The Rule makes two changes. First, the Rule eliminates the previous authorization for U.S. financial institutions to process so-called “U-turn” transactions involving Cuba. Second, the Rule adds further restrictions to remittances from U.S. persons to Cuban nationals permitted under the CACR. These changes will be effective as of October 9, 2019.
“U-turn” transactions are prohibited (again). OFAC continues to roll back Obama-era relaxations of the U.S. sanctions against Cuba, including the general license, issued in March 2016, allowing U.S. financial institutions to process so-called “U-turn” transactions involving Cuba. This general license essentially authorized U.S. financial institutions to process many types of Cuba-related transactions between non-U.S. parties, provided certain prohibited parties or activities were not involved, enabling non-U.S. businesses and individuals to engage in transactions with Cuba in U.S. dollars.
The Rule revokes that general license for U-turn transactions, providing instead for an authorization for U.S. financial institutions to reject, but not block, such transactions. The Rule also amends the CACR to make conforming edits by removing related unblocking authorizations.
Permitted remittances are restricted. The Rule places further restrictions on authorized remittances. First, regarding family remittances, the Rule (1) places a cap of $1,000 per quarter as the maximum amount one remitter can send to one Cuban national under the general license and (2) expands the existing prohibition on family remittances to prohibited officials of the Government of Cuba or prohibited members of the Cuban Communist Party to further encompass the “close relatives” of such persons.
Second, the Rule eliminates the general license authorizing donative remittances to Cuban nationals.

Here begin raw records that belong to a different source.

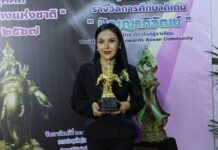 ผู้ช่วยศาสตราจารย์ ดร. มินศ์ธิวา พิชญะอัคระคุณ นำทัพรับรางวัล วชิรนุสรณ์ สาขา บุคคลผู้ทำคุณประโยชน์ต่อสังคมดีเด่น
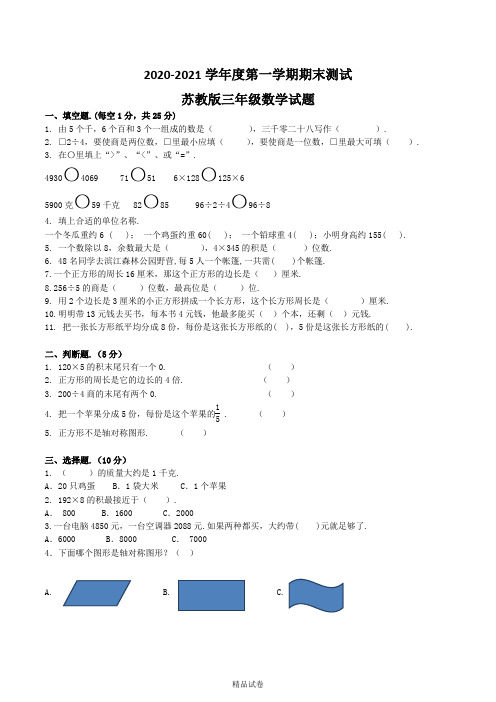 苏教版数学三年级上册《期末检测试卷》(带答案)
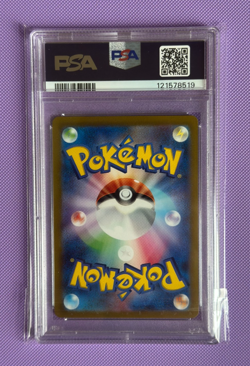 Koraidon EX SAR 103/078 sv1S Scarlet EX PSA 10 GEM MINT Japanese Pokemon Card - Image 2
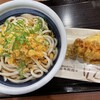 丸亀製麺 尾張旭桜ヶ丘店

Lastly, the Rule expands the general license to now include remittances to certain additional Cuban “self-employed individuals,” which term is newly defined in the CACR as:
- An owner or employee of a small private business or a sole proprietorship, including restaurants (paladares), taxis, and bed-and-breakfasts (casas particulares);
- An independent contractor or consultant;
- A small farmer who owns his or her own land; or
- A small usufruct farmer who cultivates state-owned land to sell products on the open market.